Here's pseudo-code for an optimizer called differential evolution (fyi- a full working version is on-line). In summary:

  • Run over a population pop of possibilities
  • At each step, build a new possibility by smearing together three old possibilities
  • If new better than old, replace old in pop.

This means that, as the search progress, we are building new ideas from old ideas that are growing steadily better and better.
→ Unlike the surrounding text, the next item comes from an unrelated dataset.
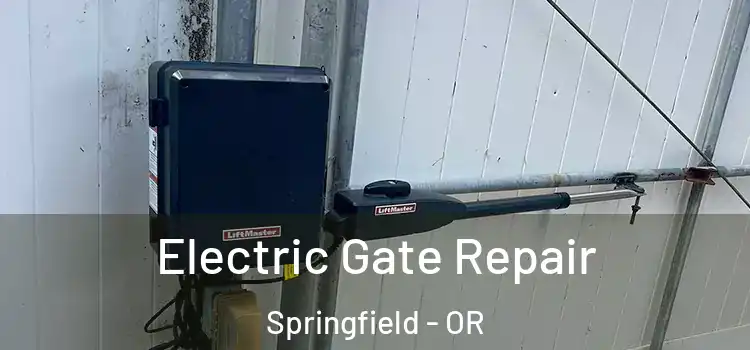 Electric Gate Repair Springfield - OR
def any(n)       : # returns a number 0.... n-1
def ok(x)        : # returns true of false if the decisions in x are value
def score(x)     : # returns 1 or more objective scores for decisions in x
def better(this,that): # return True if this is  preferred to that

#-------------------------------------------------------------
cf          = 0.3 # probability of crossing over during mutation
f           = 0.7 # how "far" we cross over
generations = 100 # default. may be smaller or larger
np          = decisions*10 # the recommended size
budget      = np*generations  # when to stop

#------------------------------------------------------------
pop         = [ anything() for _ in 1,np ]
scores      = { id(x) : score(x) for x in pop }
while budget > 0:
  for i,mum in enumerate(pop):
    a,b,c = pop[ any(np) ], pop[ any(np) ], pop[ any(np) ]
    kid   = mum[:]  # copy dad
    for j,(a1,b1,c1) in enumerate( zip(a,b,c) ):
       if rand() >  cf:
          if isa(a1,float): 
             kid[j]  = a1 + f*(b1-c1)
         else:
             kid[j]  = a1 if r() > f else (b1 if r() > f else c1)    
    j = any(decisions)
    kid[j] = mum[j] # mum has at least one item from kid
    if ok(kid):
       scores[ id(kid) ] = score(kid)
       if better(kid, mum):
         pop[i] = kid
       budget = budget - 1
       if budget < 1:
          break  
return pop

In the above, better is a little complicated. Given several objectives collected in this and that, we consider each objective x,y indivdually in this and that and look at what at loss if we travel from this to that versus that to this (and the one we prefer is the one that _loss_es least).

Formally, this is a domination test across the Pareto frontier.

  • First, we normalize x,y to 0..1
  • Then we adjust the direction of the comparison depending on whether or not we are minimizing that objective.
  • Third, we raise the differences _x - y_to some exponential (i.e. the larger the difference, the louder we shout!)
  • Lastly, we return the mean loss over all objectives.
def (i):      # return less for minimize and more for maximize
def norm(i,x): # returns (x - lo) / (hi - lo) where lo and hi
               # are the min,max values for objective i

def better(this, that):
  x  = scores[ id(this) ]
  y  = scores[ id(that) ]
  l1 = loss(x,y)
  l2 = loss(y,x)
  return l1 < l2

def loss(x, y):
  losses= 0
  n = min(len(x),len(y))
  for i,(x1,y1) in enumerate(zip(x,y)):
    x1 = norm(i,x1),
    y1 = norm(i,y1)
    losses += expLoss( i,x1,y1,n ) 
  return losses / n

def expLoss(i,x1,y1,n):
  "Exponentially shout out the difference"
  w = -1 if minimizing(i) else 1
  return -1*math.e**( w*(x1 - y1) / n )
  

Questions:

  • In the above, what would be one item in the frontier when tuning a data miner?
  • What is the Fu result regarding tuning and defect prediction?
  • What is the Agrawal result regarding tuning and text mining?